> Records provided:
○ ○ ○ ○ ○
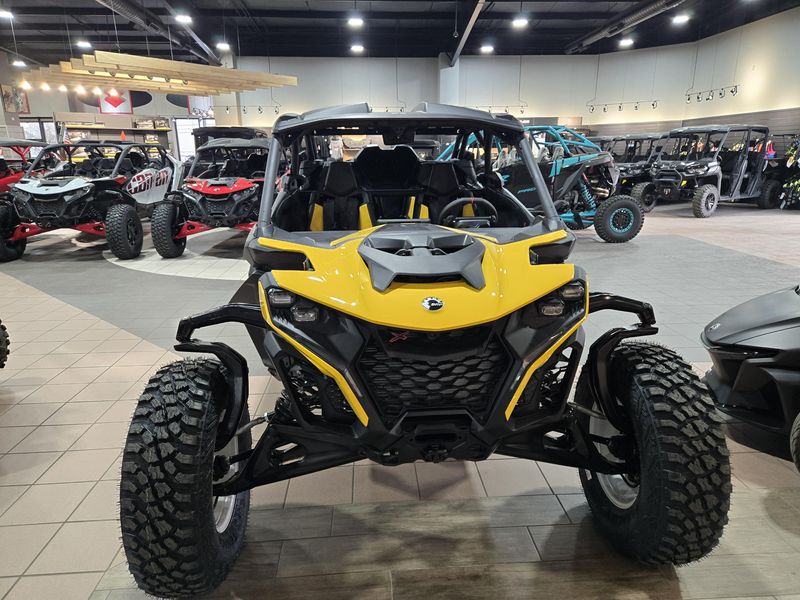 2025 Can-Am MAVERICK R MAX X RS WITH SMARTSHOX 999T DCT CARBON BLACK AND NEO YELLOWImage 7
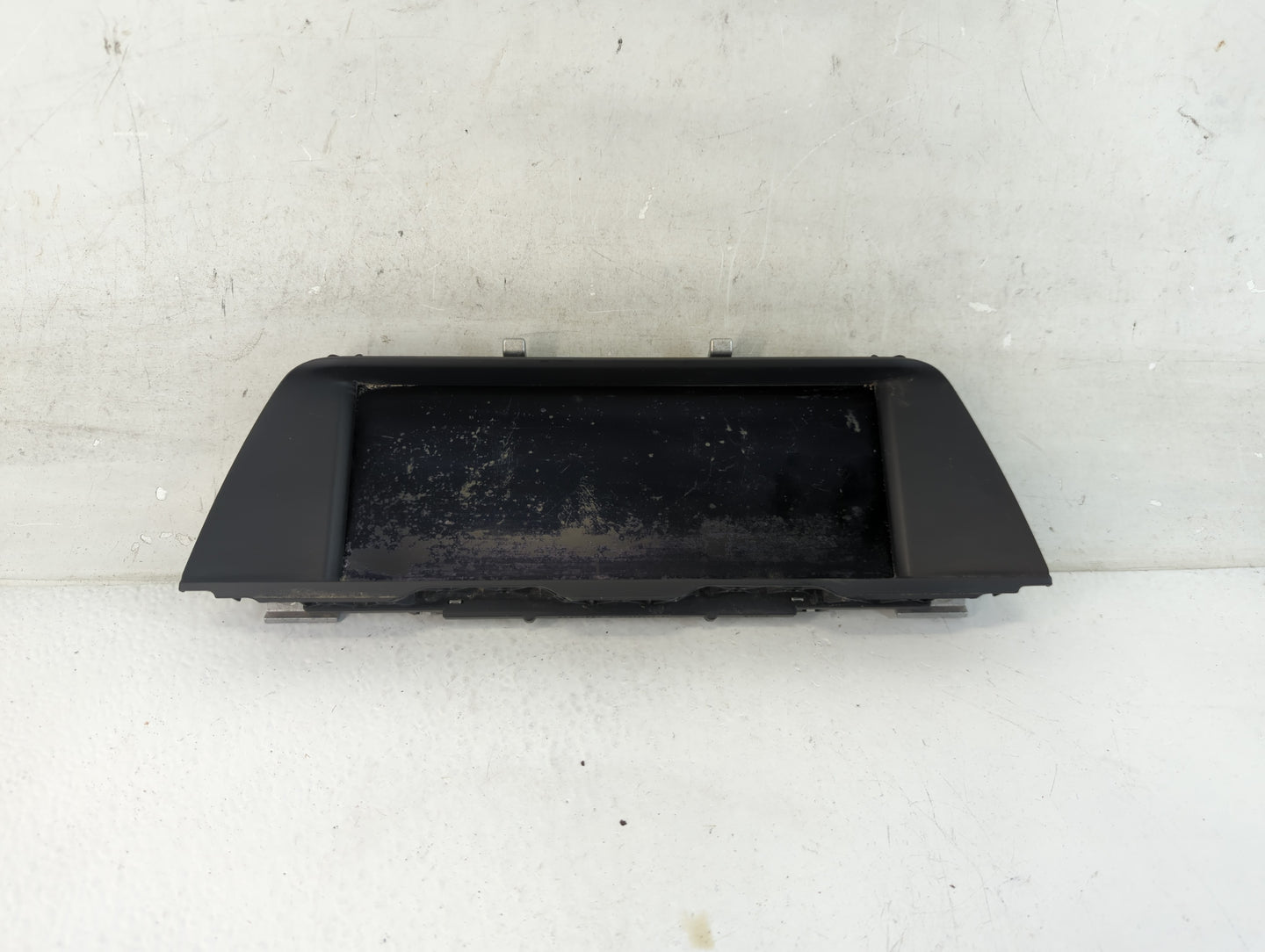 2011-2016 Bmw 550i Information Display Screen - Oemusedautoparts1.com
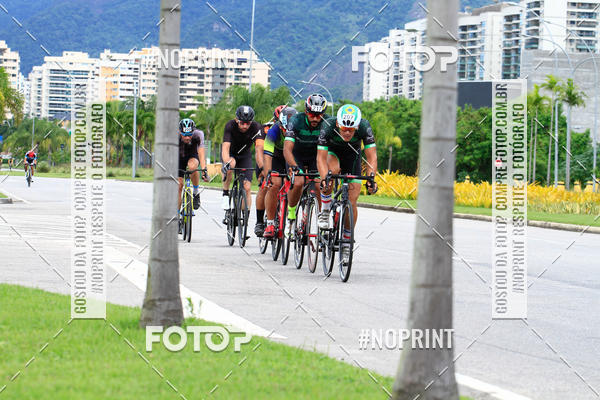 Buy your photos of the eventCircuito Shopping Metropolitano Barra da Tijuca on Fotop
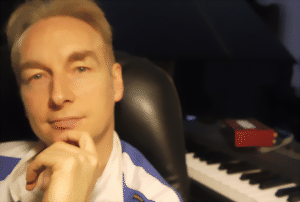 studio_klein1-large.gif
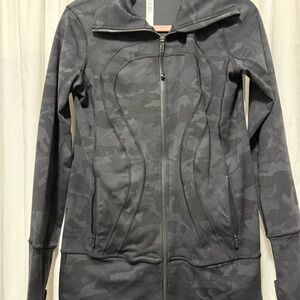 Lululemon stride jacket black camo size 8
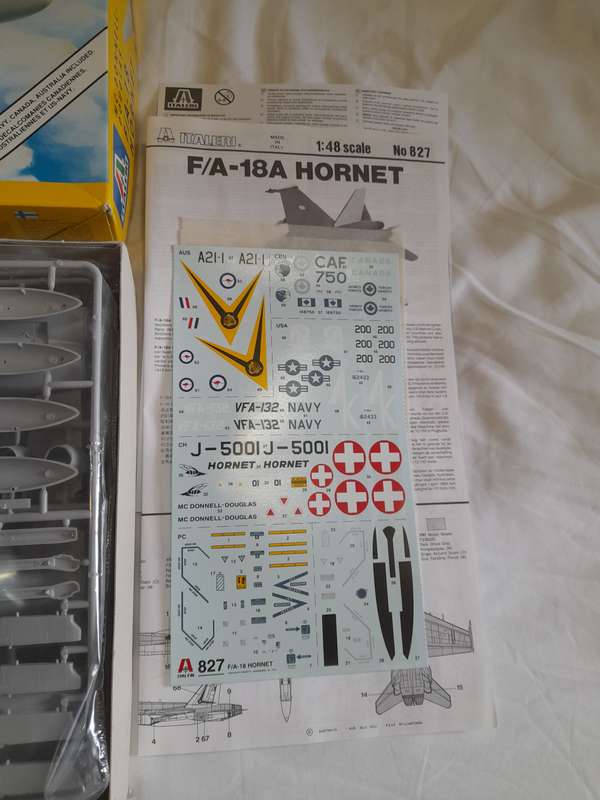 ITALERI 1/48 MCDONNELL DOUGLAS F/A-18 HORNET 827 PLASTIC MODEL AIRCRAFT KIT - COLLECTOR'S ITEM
○ ○ ○ ○ ○
> Exercise brief: Copy every line above word for word and exclude the pictures.

> Task answer:
 2025 Can-Am MAVERICK R MAX X RS WITH SMARTSHOX 999T DCT CARBON BLACK AND NEO YELLOWImage 7
 2011-2016 Bmw 550i Information Display Screen - Oemusedautoparts1.com
 Buy your photos of the eventCircuito Shopping Metropolitano Barra da Tijuca on Fotop
 studio_klein1-large.gif
 Lululemon stride jacket black camo size 8
 ITALERI 1/48 MCDONNELL DOUGLAS F/A-18 HORNET 827 PLASTIC MODEL AIRCRAFT KIT - COLLECTOR'S ITEM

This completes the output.